Task input>
- Opening Delimiter -
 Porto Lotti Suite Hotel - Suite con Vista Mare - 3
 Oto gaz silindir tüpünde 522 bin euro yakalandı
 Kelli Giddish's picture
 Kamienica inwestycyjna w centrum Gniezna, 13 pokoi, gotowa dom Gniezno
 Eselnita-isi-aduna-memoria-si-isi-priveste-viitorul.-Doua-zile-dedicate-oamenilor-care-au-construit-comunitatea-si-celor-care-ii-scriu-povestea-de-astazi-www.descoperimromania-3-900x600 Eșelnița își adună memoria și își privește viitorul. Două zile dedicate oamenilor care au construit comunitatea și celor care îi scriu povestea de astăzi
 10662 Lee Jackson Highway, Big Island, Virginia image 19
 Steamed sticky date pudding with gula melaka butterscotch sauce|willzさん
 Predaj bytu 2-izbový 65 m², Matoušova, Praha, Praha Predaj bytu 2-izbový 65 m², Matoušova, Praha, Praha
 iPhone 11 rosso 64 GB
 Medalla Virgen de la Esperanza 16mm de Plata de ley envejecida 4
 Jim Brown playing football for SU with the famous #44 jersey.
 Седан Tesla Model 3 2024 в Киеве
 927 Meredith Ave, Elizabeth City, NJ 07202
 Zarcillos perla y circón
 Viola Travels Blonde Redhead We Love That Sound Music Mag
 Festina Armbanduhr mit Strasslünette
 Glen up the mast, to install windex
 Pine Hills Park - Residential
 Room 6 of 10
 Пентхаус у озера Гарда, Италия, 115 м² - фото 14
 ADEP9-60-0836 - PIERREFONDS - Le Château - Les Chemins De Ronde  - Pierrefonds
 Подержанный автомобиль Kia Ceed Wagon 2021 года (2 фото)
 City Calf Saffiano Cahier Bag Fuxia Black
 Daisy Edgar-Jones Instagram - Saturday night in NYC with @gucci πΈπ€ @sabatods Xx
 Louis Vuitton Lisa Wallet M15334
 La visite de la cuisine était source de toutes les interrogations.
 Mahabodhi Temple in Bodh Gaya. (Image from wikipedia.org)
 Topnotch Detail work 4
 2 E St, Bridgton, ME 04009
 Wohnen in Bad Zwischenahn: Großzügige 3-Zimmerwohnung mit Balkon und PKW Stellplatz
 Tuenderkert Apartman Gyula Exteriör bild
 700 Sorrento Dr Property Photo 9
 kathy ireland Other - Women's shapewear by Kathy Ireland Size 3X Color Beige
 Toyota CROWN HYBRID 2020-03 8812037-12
- Closing Delimiter -
Aim of the exercise> Considering only the material above, set down every line from the one with "Пентхаус у озера" to the one with "City Calf Saffiano Cahier Bag Fuxia Black", inclusive, exactly as written.

Written solution>
 Пентхаус у озера Гарда, Италия, 115 м² - фото 14
 ADEP9-60-0836 - PIERREFONDS - Le Château - Les Chemins De Ronde  - Pierrefonds
 Подержанный автомобиль Kia Ceed Wagon 2021 года (2 фото)
 City Calf Saffiano Cahier Bag Fuxia Black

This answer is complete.